● The task
Repeat the lines below exactly as written, please, from the line with "charlotte casiraghi chanel" to the line with "Plastic Mechanical Front", both lines included, and no others.

*** Data extracts ***

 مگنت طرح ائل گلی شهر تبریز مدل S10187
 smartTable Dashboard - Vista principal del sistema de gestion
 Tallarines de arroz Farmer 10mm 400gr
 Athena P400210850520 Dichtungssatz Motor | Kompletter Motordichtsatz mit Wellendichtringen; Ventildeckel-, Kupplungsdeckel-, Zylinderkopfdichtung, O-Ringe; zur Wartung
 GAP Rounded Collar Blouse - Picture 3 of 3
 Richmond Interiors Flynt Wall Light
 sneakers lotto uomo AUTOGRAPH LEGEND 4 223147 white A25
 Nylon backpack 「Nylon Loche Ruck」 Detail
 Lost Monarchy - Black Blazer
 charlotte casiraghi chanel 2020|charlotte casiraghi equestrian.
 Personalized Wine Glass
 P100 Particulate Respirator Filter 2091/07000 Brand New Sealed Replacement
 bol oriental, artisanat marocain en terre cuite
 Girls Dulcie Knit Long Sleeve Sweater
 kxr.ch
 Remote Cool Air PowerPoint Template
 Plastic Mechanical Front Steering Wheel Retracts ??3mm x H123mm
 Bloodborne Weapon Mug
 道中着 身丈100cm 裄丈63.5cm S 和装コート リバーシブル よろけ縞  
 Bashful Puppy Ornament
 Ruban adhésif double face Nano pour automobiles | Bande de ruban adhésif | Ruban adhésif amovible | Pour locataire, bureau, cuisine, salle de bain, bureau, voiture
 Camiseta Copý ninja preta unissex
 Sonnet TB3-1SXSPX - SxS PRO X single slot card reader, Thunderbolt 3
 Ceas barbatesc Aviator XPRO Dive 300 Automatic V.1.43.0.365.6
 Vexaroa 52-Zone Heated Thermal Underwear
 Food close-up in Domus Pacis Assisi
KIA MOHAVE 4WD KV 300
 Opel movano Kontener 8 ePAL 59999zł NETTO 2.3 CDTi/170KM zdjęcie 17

*** End of Data extracts ***

● Your response
 charlotte casiraghi chanel 2020|charlotte casiraghi equestrian.
 Personalized Wine Glass
 P100 Particulate Respirator Filter 2091/07000 Brand New Sealed Replacement
 bol oriental, artisanat marocain en terre cuite
 Girls Dulcie Knit Long Sleeve Sweater
 kxr.ch
 Remote Cool Air PowerPoint Template
 Plastic Mechanical Front Steering Wheel Retracts ??3mm x H123mm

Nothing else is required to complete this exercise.